Which tasks have a lot of waiting time (white space) in front of them?
Which activities can currently only be done by only one specialized resource?
Once employees are cross-trained, it is important to maintain those additional skills with regular practice, which means that periodic job rotation is needed. This article highlights four of the critical decisions that should be made relative to cross-training and job rotation.
The first important decision is whether all cell employees will be expected to participate in cross-training and job rotation. If cell employees had volunteered to work in the cell, then they may all be anxious and excited to learn new things. However, if some employees were directed to be in the cell, one or more people may resist the cross-training expectation. You need to decide whether there will be any exceptions. Not allowing exceptions can promote a culture of fairness within the organization. But, there may be valid reasons for not requiring all of the employees in the cell to cross-train and rotate. One possible reason for an exception is if a particular employee has a physical or cognitive disability that prevents him or her from learning or performing a wider range of jobs. This type of exception is not likely to disgruntle other employees if the reason for differential treatment is apparent.

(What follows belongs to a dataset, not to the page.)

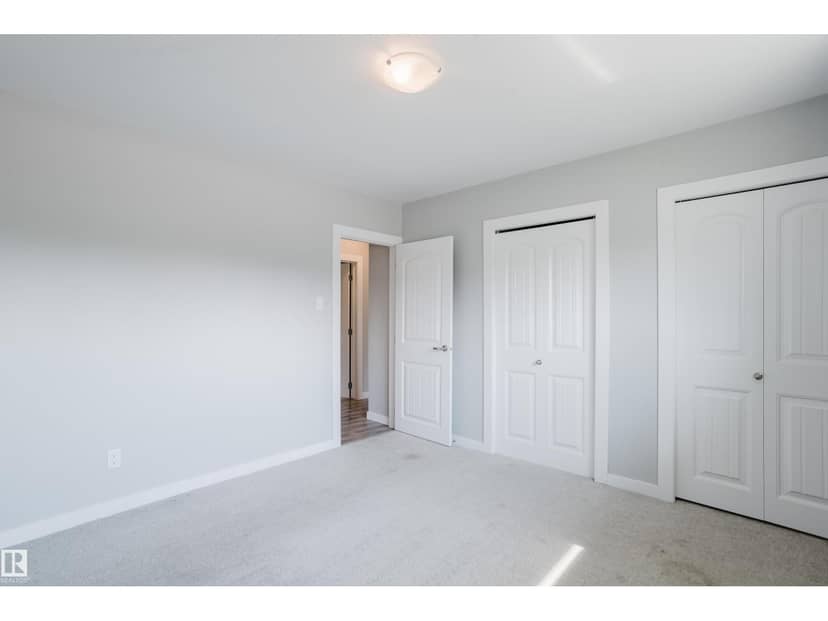 4708 106 AV NW — photo 17 of 40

Some individuals may be reluctant to cross-train and rotate between jobs. In past research that I conducted on job rotation, I found that about 15% of employees preferred not to cross-train and rotate. Although not a high percentage, the problem arises often enough that a plan should be considered for how to address it. Resistance can come about for many possible reasons, such as loss of status/reputation, fear of reprisal if learning is slow or performance is sub-standard, fear of the unknown, fear of job loss if others obtain skills that were previously restricted to an individual or small group, or just avoiding a situation that is outside the employee’s comfort zone.

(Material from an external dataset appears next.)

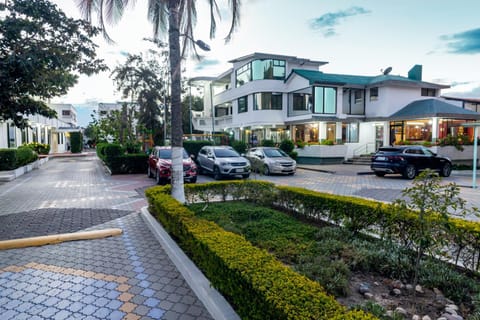 Property building, Day, Garden view, Street view, Parking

To counteract resistance, provide reassurance that the individual’s job is safe. Consider using incentives (addressed in section 3 below). Train supervisors and managers to reward the attainment of new knowledge. Eliminate the use of efficiency metrics, which put pressure on workers to perform tasks at greater speeds. Plan what to do when mistakes occur. How will workers learn from their mistakes? How will supervisors avoid punishing those who are trying to learn? Finally, if the resistance is coming from a specialized resource, you may need to shift the individual’s self-identity towards that of a master who educates others rather than the sole expert conducting the task.
Many companies choose to offer skill-based pay or other incentives to motivate employees to learn a broader range of skills. If you know more skills, you become more valuable to the organization and accordingly, earn higher compensation. An incentive or pay structure such as this helps to alleviate feelings of unfairness if there are exceptions to the cross-training expectation as described in Section 1 or just differing levels of participation between employees. The subject of incentives was addressed in a previous QRM blog about WIIFM (What’s in it for me?), which provides advice for managers on the use of extrinsic motivators.
Periodic rotation of employees between jobs helps them to retain their skills and remember how various tasks are performed. The rotation scheme can be formal where employees are expected to rotate based on an established time interval or informal where rotation only occurs “as needed.” The risk of an informal system is that if the need for rotation does not arise often, people may have a hard time refreshing themselves on how to do a job that they have not done in quite a while. This can be exacerbated by people’s tendencies to do work that is within their comfort zone.
If a formal rotation system is used, the frequency of rotation should be considered. Will people rotate daily, weekly or monthly? Will they perform a core function and then spend 10% of their time doing other tasks during the week? Will the expectation of rotation frequency be the same for everyone? In either case (formal or informal rotation), creating a report – or better still, a clearly visible display board – that documents when each employee last did a particular type of task helps support the job rotation and provides metrics for cell teams and managers to monitor.
As with all human endeavors, there aren’t one-size-fits-all answers to the questions above. The answers partially depend on the company’s values and culture and existing policies/practices. What is crucial is that incentives and job rotation are discussed and thoughtfully planned early in the cell implementation process so that the organization can achieve the maximum benefit from its cross-training efforts.